= Royal Memorial Church of St George =

The Royal Memorial Church of St George, Cannes, was erected in the 19th century in honour of The Duke of Albany, the son of Queen Victoria, who died in Cannes in 1884. His brother, the Prince of Wales commissioned the church to be built in his honour.
==History==
It was founded in 1886 and consecrated in the presence of the Prince of Wales a year later. Queen Victoria visited in 1887, 1891, and 1898 for the confirmation of Princess Alice. In 1970 it was sold to the city of Cannes, becoming a Roman Catholic church in 1974.

==Gothic Revival style==
In style it is early English Gothic, the work of Sir Arthur Blomfield. The statue of St George above the entrance door is by F. W. Pomeroy.

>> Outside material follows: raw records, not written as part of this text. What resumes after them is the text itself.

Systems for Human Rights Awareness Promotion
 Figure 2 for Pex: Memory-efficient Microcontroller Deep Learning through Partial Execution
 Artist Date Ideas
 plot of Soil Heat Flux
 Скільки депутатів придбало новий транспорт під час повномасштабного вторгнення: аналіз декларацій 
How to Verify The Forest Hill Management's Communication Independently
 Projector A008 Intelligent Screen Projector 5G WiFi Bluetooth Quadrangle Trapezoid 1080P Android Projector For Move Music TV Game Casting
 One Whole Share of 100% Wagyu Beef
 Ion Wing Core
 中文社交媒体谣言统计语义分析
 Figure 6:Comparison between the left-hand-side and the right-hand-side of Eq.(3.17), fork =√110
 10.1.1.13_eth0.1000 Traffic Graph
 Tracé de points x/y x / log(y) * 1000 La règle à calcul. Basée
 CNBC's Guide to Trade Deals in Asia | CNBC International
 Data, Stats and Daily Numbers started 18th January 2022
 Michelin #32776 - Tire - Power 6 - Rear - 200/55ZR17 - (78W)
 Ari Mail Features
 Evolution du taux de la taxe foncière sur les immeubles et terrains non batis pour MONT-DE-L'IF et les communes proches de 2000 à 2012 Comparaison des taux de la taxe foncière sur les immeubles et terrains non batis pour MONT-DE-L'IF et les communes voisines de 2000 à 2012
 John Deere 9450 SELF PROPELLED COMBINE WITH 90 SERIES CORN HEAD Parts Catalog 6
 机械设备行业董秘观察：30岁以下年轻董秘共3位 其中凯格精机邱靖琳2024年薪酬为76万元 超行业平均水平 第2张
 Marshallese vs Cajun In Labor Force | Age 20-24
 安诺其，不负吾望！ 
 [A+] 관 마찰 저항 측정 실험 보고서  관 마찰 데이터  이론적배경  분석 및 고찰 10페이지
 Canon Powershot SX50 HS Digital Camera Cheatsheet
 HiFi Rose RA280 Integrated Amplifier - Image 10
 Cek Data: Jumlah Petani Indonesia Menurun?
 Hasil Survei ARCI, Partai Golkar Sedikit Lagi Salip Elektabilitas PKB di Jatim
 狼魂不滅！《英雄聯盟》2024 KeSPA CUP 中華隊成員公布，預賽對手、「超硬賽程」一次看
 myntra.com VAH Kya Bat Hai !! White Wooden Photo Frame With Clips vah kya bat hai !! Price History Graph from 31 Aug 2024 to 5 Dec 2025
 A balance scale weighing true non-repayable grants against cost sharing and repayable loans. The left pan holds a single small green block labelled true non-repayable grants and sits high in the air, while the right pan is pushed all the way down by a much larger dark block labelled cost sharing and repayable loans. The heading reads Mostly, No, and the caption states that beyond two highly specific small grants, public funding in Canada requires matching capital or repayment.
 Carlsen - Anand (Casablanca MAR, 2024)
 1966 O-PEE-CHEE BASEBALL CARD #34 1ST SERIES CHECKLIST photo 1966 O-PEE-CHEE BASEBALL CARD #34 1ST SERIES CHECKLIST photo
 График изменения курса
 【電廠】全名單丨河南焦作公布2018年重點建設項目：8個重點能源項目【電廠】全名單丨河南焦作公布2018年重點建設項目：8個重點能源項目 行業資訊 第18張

"The very beautiful memorial chapel to the Duke of Albany at Cannes nears completion. It is to be opened this month. Throughout the work the Prince of Wales has taken the keenest interest, consulting with Sir Arthur Blomfield, and questioning the minutest details. In his helpers Sir Arthur has been very fortunate. Messrs. Heaton, Butler and Bayne are responsible for some of the windows, and Messrs. Powell for at least one other, while the decorations under Sir Arthur's guidance have been carried along by Mr. Charles Floyce. Mr. Floyce is a student of the old masters. Those who recall him years ago as a student at the National Gallery engaged persistently in making faithful copies of the old Italian masters — Crivelli, Fra Angelico, and Luini, whom he got to understand as a book, will be glad to know that his training has not been lost."